As we all know, Modern is a format full of interaction so there needs to be other plans of victory within your deck. This is where the Viscera Seer, Bloodghast, and Kalastria Highborn interaction comes into play. By sacrificing Bloodghast to Viscera Seer and triggering Kalastria Highborn you're able to drain your opponent a ton of times for two each, depending on how many fetchlands you have stored in play. With either multiple Bloodghasts or Kalastria Highborns in play, this gets out of hand very quickly. You're also scrying each time from Viscera Seer ensuring that you're able to find more gas or combo pieces when you need.
The fetchlands serve multiple roles. Now that the deck has Murderous Cut instead of Victim of Night as a catch-all to troublesome creatures (that can also hit anything from Olivia Voldaren to Gurmag Angler), fetchlands help to fuel the graveyard to make the Murderous Cuts cheap. With Urborg, Tomb of Yawgmoth, you can leave your fetchlands in play while tapping them for black until you find a reason to crack them. This also helps stem the bleeding they cause when you're facing an aggressive deck like Burn. More importantly, however, is that the fetchlands are two lands for Bloodghast triggers, which helps you go off when you assemble Bloodghast, Kalastria Highborn, and Viscera Seer together. Lastly, the fetchlands give you extra looks at the top card when you have Vampire Nocturnus in play, greatly increasing its success rate at pumping your vampire team.

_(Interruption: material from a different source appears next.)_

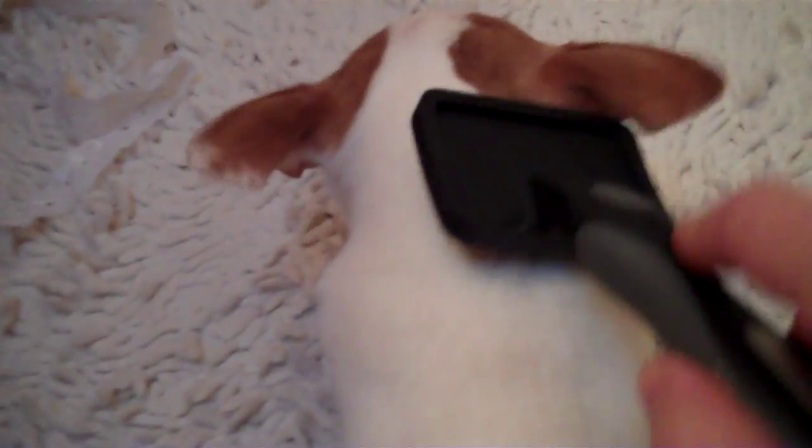Hi guys! Today we're going to show you how to prune your tiny dog to get rid of extra fur, which you do with this little teeny tiny brush.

With only Pro Tour Fate Reforged, Grand Prix Vancouver, the Modern Open in Baltimore, and a smattering of Premier IQs to date, Modern is still fairly new, given the bannings of Treasure Cruise and Dig Through Time and with the inclusion of Fate Reforged. With so many cards available for play, there are near infinite combinations and an endless amount of room to brew and explore. The metagame now seems be shifting on a weekly basis.
My next stop is the Open Series in Dallas on March 13th. While Standard is the format of the main event, I have quite a few Modern decks that I've been meaning to try out in a competitive environment in case I don't play Standard on the second day. While Infect is still great, a change of pace never hurts. Speaking of, here's the latest Infect build I've been playing.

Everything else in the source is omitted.